Problems With Researching Pot
However, scientists say doing research with marijuana requires the patience of Job, largely because the federal government still classes marijuana as a Schedule I controlled substance with no legitimate medical use. That status requires researchers to get a license from the Drug Enforcement Administration, part of the Justice Department. The DEA relies on the National Institute on Drug Abuse, or NIDA, for advice on research proposals.
"I know one research group who says it took a year to get feedback from NIDA," says Dr. John Halpern of Harvard Medical School and McLean Hospital. "Then when they resubmitted their proposal, they got another set of criticisms."

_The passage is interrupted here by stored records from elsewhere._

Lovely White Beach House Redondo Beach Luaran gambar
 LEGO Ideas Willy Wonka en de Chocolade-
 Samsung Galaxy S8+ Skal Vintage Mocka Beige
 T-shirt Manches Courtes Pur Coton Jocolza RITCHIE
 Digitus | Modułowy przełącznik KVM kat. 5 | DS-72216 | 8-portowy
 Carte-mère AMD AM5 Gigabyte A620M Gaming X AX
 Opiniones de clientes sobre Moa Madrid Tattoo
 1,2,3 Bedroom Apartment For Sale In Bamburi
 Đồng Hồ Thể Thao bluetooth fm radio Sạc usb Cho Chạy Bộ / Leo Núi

The director of NIDA, Dr. Nora Volkow, declined to be interviewed about medical marijuana.
Research Has Made Headway
But other people in the field are open-minded about the medical uses of marijuana. Take Dr. Glen Hanson, for example. He's a former acting director of NIDA and still advises the agency. He does drug research at the University of Utah, and he heads the Utah Addiction Center.
Hanson is familiar with the scientific evidence on marijuana. Running through a list of things some people claim marijuana's good for, Hanson says there is legitimate support for many conditions.
Pain, for instance. "Yes, there's some significant evidence that it's useful in some types of pain," Hanson says.
Multiple sclerosis? "That's more controversial," he replies. "There are clearly some individuals with multiple sclerosis who say that it helps them."
Glaucoma: "There is some [evidence], but again, controversial."
Seizures: "Again, some evidence that it may be useful in dealing with some seizures."
The list goes on. Hanson says there's evidence for some other claims, but not for others.
The thing scientists are really excited about, Hanson says, is the discovery that many organs in the human body and brain have receptors for the chemicals in cannabis. That observation was first made in 1988, but over the past 10 years scientists have done a lot of work to figure out how these receptors work.
"This area has exploded," Hanson says. "If you're asking is this a system that can be targeted for therapeutic benefit, I think everybody who knows the scientific pieces would acknowledge that potential."
Long Way To Go
But much of the research is in test tubes and animals, not in real patients with real diseases. Human marijuana research is spotty, studies are small and short, and results are conflicting. So there's a big gap between the testimonials — like Ellen Smith's — and the science.
Hanson has no doubt that cannabis research will lead to important new designer drugs for a number of maladies. But he has no idea when.
"We don't have a timeline," he says, "Is it going to be five years, 10 years, 20 years? That doesn't satisfy and meet the needs of people who are suffering today. So for me, I have no problem using what we've got — and today we have marijuana."
Chopra, Smith's physician, agrees. But he's not without misgivings.
"With medicine, we are used to prescribing a fixed dose with a fixed time interval so we can monitor the side effects or the efficacy of a drug," Chopra says. "With medicinal marijuana, it's the other way around. We have no control over the dose or how often it's taken. And so it's really up to the patients to experiment on their own and figure out how much they need and how often."
At the same time, Chopra believes marijuana should be available to patients with no other good options. It's the patients who are driving this movement, he says.
"The people have spoken," Chopra says. "It's basically the people who have come up and said, 'It does help us, look at us, we're doing well.' They're telling the establishment, 'You're wrong,' and the establishment has listened to them."
At least important parts of the establishment are listening. President Obama has said his administration has no interest in prosecuting doctors and patients who use marijuana — as long as their state allows it.